Homos, adolescent de 15 ans, est décédé la semaine dernière en traversant une ligne de chemin de fer. Le drame est arrivé à 13h30, tout juste après la sortie de l’école. «
Je l’ai cherché partout, mais en vain. Je n’ai été prévenue qu’à minuit », relate la mère qui habite à 500 mètres de la voie ferrée.
« Le passage emprunté par Homos n’est pas du tout sécurisé. Sans barrière de sécurité, nos enfants sont en danger.
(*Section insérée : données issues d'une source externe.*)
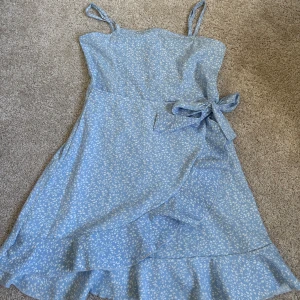 Blå omlottklänning med volang - Söt ljusblå omlottklänning med vitt blommönster och volangkant. Klänningen har smala axelband, knyt i midjan och en feminin passform. Perfekt för varma dagar och somriga vibes. Storlek 140🥰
Ils risquent la mort tous les jours », déplore-t-elle, bouleversée, en montrant du doigt l’école de son fils, juste en face des rails.
« Deux jours plus tard, le même drame est arrivé à une femme dans la quarantaine qui a glissé sur les rails au moment où le train arrivait. Le conducteur n’a pu freiner à temps et la femme a eu les deux jambes sectionnées », raconte Réda Al-Lessi, directeur de la poste qui se situe à quelques pas de la ligne de chemin de fer d’Al-Ayyate. « On a entendu la sonnerie annonçant le passage du train, et ensuite un grand boum. On a cru que le train avait déraillé », rapporte un témoin. « C’était comme le bruit d’une bombe », raconte un témoin.
Ces drames se sont déroulés la semaine dernière sur la ligne de chemin de fer d’Al-Ayyate, ville située près de Guiza, à environ 40 km au sud-ouest du Caire. De tels accidents arrivent une ou deux fois par mois sur leslignes de chemin de fer réparties selon quatre grands axes : Le Caire-Alexandrie-Al-Alamein-Marsa Matrouh ; Le Caire-Alexandrie-Port-Saïd ; Le Caire-Suez ; Alexandrie-Le Caire-Louqsor-Assouan.
Peu de statistiques
Il n’existe pas de statistiques récentes sur le nombre de personnes qui meurent percutées par un train, mais un bilan du gouvernement sur le réseau ferroviaire, repris par le site d’information Masrawy, affirme que le long des 6 700 km de rails qui transportent 1,4 million de voyageurs par jour, 1 231 personnes sont mortes dans des accidents de train en 2007.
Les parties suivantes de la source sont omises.